In a time when genetic tests are as commercially available as Christmas presents, it is more important than ever to cast a critical eye over the true value of their results. Genetic testing is without doubt a valuable tool – when backed up by strong science and analysed by people who understand the nuances of genetics. Patients need to be aware that not all tests are created equally. Results from a platform such as OCB’s ColoPredict offer far more value than those from off-the-shelf ‘catch-all’ tests, in terms of both accuracy and post-result support.
Matt Hancock, the UK Health Secretary, recently and inadvertently exposed the perils of improper interpretation of such commercial tests. Mr Hancock received the results of his test and claimed to be shocked to learn of his heightened risk of developing prostate cancer. He went on to say that the test may well have saved his life and called for genetic tests to be made available to the wider public on the NHS. Whilst his comments were perhaps well-intentioned, medical professionals were quick to criticize Mr Hancock, pointing out that he had grossly misinterpreted his results. His test results in fact placed him at no major risk compared to the average man of his age, with some doctors claiming that he had caused himself unnecessary anxiety and potentially wasted NHS time with subsequent counselling and follow-up appointments.
This story highlighted the risks of the public taking home-based tests then becoming frightened and confused over dubious or unimportant results. Would the average consumer understand the difference between relative and absolute risk when the Health Secretary didn’t? There would be a huge burden on the health system if everybody wanted to discuss every minor detail of their results with a GP. If this kind of testing is rolled out to the public, it needs to carefully and responsibly managed. Geneticists are still researching how single gene variants interact with a person’s environment, family history, and microbiome to predict a person’s risk for disease. It is a nuanced subject, and rarely is there a simple ‘yes or no’ answer to whether somebody will go on to develop a disease.

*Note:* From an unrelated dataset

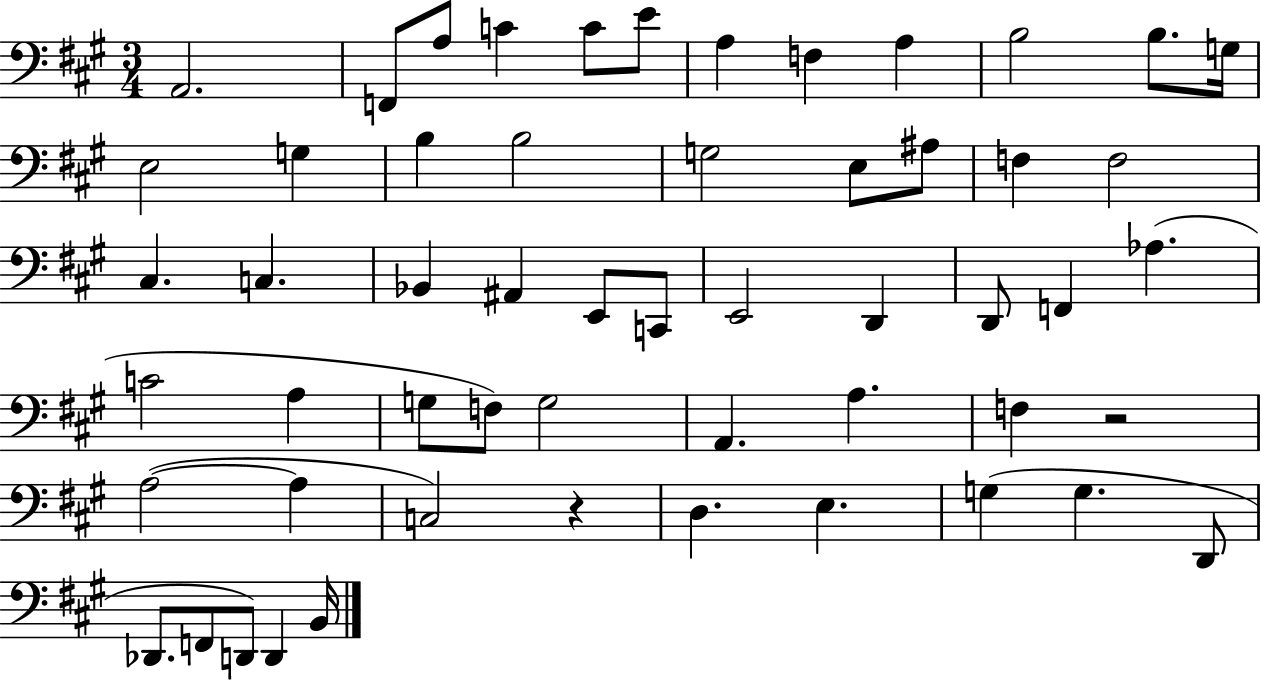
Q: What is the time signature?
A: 3/4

Off the shelf genetic tests look at selected markers for a wide variety of things, giving results of limited value. The aim of the ColoPredict test is clear and targeted – to accurately identify populations of healthy individuals who are at a higher risk (5-10 times greater than the average) of developing colorectal cancer. ColoPredict is backed up by strong empirical data, validated in a cohort of 51, 000 people with the results published in globally respected research papers. A well-known commercial genetic testing company tests for only three of over 1,000 known variants for breast cancer, whereas OCB have developed an algorithm of highly validated single nucleotide polymorphisms (SNPs), testing over 40 different alleles. Patient results can then be combined with additional risk factors such as family history to generate a reliable lifetime risk score.
ColoPredict is designed to be used in conjunction with current screening technologies, complementing existing treatment programmes and guiding patients through their results and appropriate next steps. It is not a case of posting results to a patient and letting them figure out what to do next by themselves. If a patient is found to be at high risk of developing colorectal cancer, they are given further support as well as actionable advice on how best to adapt their lifestyle. Individuals using this OCB test can be confident in knowing that their results come from well-validated science and have been analysed by professionals who will support them on the next steps of their health journey.